• Work instruction: Repeat each entry below exactly as it stands.

• Supplied entries:

☆ ☆ ☆ ☆ ☆ ☆ ☆

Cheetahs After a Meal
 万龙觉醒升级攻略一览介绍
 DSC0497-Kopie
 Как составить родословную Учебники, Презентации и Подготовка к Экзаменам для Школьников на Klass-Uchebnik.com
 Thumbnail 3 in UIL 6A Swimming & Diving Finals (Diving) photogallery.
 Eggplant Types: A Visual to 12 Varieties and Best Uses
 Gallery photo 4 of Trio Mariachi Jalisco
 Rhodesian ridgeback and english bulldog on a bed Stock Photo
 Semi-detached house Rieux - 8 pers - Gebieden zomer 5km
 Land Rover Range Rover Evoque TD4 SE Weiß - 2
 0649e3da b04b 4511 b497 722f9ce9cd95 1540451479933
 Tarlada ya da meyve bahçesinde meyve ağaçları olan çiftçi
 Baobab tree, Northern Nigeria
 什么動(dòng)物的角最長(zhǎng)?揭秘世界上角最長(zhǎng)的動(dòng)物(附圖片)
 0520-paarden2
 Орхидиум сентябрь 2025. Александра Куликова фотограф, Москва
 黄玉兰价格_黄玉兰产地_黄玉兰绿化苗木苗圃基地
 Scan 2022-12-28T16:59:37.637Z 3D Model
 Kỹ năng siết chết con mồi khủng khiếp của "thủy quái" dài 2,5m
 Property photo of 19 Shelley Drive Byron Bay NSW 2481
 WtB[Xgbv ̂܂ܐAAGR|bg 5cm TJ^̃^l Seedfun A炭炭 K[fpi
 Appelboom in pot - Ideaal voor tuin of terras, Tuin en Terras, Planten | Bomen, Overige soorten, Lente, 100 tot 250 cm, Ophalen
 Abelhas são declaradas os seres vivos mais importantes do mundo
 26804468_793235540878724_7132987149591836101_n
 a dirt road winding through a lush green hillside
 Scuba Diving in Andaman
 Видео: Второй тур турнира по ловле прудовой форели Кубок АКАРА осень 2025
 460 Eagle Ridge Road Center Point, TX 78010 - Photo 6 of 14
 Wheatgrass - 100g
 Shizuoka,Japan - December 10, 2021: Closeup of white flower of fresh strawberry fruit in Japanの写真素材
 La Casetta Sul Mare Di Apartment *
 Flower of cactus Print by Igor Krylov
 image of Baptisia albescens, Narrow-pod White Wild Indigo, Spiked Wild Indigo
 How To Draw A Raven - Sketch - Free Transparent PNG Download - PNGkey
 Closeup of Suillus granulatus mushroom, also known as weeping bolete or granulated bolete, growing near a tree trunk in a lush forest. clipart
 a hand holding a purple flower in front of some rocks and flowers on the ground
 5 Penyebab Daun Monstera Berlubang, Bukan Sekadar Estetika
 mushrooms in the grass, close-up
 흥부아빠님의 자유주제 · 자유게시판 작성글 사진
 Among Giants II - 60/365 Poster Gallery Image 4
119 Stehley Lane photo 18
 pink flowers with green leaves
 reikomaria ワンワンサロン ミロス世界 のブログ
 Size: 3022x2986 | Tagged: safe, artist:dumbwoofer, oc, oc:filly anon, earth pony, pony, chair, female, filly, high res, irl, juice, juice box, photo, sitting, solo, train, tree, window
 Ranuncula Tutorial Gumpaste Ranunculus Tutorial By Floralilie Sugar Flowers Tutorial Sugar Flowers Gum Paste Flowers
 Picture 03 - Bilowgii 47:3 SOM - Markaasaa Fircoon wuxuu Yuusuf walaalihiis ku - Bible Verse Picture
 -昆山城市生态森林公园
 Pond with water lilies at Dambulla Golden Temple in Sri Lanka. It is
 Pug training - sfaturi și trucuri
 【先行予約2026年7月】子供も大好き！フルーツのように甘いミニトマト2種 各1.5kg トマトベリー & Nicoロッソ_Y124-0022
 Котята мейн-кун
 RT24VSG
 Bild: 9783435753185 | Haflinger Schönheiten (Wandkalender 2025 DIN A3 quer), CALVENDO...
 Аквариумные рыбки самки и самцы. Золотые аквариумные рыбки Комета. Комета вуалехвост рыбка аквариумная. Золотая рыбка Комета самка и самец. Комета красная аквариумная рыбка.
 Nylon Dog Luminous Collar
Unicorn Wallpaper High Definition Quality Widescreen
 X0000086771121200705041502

☆ ☆ ☆ ☆ ☆ ☆ ☆

• Task output:
Cheetahs After a Meal
 万龙觉醒升级攻略一览介绍
 DSC0497-Kopie
 Как составить родословную Учебники, Презентации и Подготовка к Экзаменам для Школьников на Klass-Uchebnik.com
 Thumbnail 3 in UIL 6A Swimming & Diving Finals (Diving) photogallery.
 Eggplant Types: A Visual to 12 Varieties and Best Uses
 Gallery photo 4 of Trio Mariachi Jalisco
 Rhodesian ridgeback and english bulldog on a bed Stock Photo
 Semi-detached house Rieux - 8 pers - Gebieden zomer 5km
 Land Rover Range Rover Evoque TD4 SE Weiß - 2
 0649e3da b04b 4511 b497 722f9ce9cd95 1540451479933
 Tarlada ya da meyve bahçesinde meyve ağaçları olan çiftçi
 Baobab tree, Northern Nigeria
 什么動(dòng)物的角最長(zhǎng)?揭秘世界上角最長(zhǎng)的動(dòng)物(附圖片)
 0520-paarden2
 Орхидиум сентябрь 2025. Александра Куликова фотограф, Москва
 黄玉兰价格_黄玉兰产地_黄玉兰绿化苗木苗圃基地
 Scan 2022-12-28T16:59:37.637Z 3D Model
 Kỹ năng siết chết con mồi khủng khiếp của "thủy quái" dài 2,5m
 Property photo of 19 Shelley Drive Byron Bay NSW 2481
 WtB[Xgbv ̂܂ܐAAGR|bg 5cm TJ^̃^l Seedfun A炭炭 K[fpi
 Appelboom in pot - Ideaal voor tuin of terras, Tuin en Terras, Planten | Bomen, Overige soorten, Lente, 100 tot 250 cm, Ophalen
 Abelhas são declaradas os seres vivos mais importantes do mundo
 26804468_793235540878724_7132987149591836101_n
 a dirt road winding through a lush green hillside
 Scuba Diving in Andaman
 Видео: Второй тур турнира по ловле прудовой форели Кубок АКАРА осень 2025
 460 Eagle Ridge Road Center Point, TX 78010 - Photo 6 of 14
 Wheatgrass - 100g
 Shizuoka,Japan - December 10, 2021: Closeup of white flower of fresh strawberry fruit in Japanの写真素材
 La Casetta Sul Mare Di Apartment *
 Flower of cactus Print by Igor Krylov
 image of Baptisia albescens, Narrow-pod White Wild Indigo, Spiked Wild Indigo
 How To Draw A Raven - Sketch - Free Transparent PNG Download - PNGkey
 Closeup of Suillus granulatus mushroom, also known as weeping bolete or granulated bolete, growing near a tree trunk in a lush forest. clipart
 a hand holding a purple flower in front of some rocks and flowers on the ground
 5 Penyebab Daun Monstera Berlubang, Bukan Sekadar Estetika
 mushrooms in the grass, close-up
 흥부아빠님의 자유주제 · 자유게시판 작성글 사진
 Among Giants II - 60/365 Poster Gallery Image 4
119 Stehley Lane photo 18
 pink flowers with green leaves
 reikomaria ワンワンサロン ミロス世界 のブログ
 Size: 3022x2986 | Tagged: safe, artist:dumbwoofer, oc, oc:filly anon, earth pony, pony, chair, female, filly, high res, irl, juice, juice box, photo, sitting, solo, train, tree, window
 Ranuncula Tutorial Gumpaste Ranunculus Tutorial By Floralilie Sugar Flowers Tutorial Sugar Flowers Gum Paste Flowers
 Picture 03 - Bilowgii 47:3 SOM - Markaasaa Fircoon wuxuu Yuusuf walaalihiis ku - Bible Verse Picture
 -昆山城市生态森林公园
 Pond with water lilies at Dambulla Golden Temple in Sri Lanka. It is
 Pug training - sfaturi și trucuri
 【先行予約2026年7月】子供も大好き！フルーツのように甘いミニトマト2種 各1.5kg トマトベリー & Nicoロッソ_Y124-0022
 Котята мейн-кун
 RT24VSG
 Bild: 9783435753185 | Haflinger Schönheiten (Wandkalender 2025 DIN A3 quer), CALVENDO...
 Аквариумные рыбки самки и самцы. Золотые аквариумные рыбки Комета. Комета вуалехвост рыбка аквариумная. Золотая рыбка Комета самка и самец. Комета красная аквариумная рыбка.
 Nylon Dog Luminous Collar
Unicorn Wallpaper High Definition Quality Widescreen
 X0000086771121200705041502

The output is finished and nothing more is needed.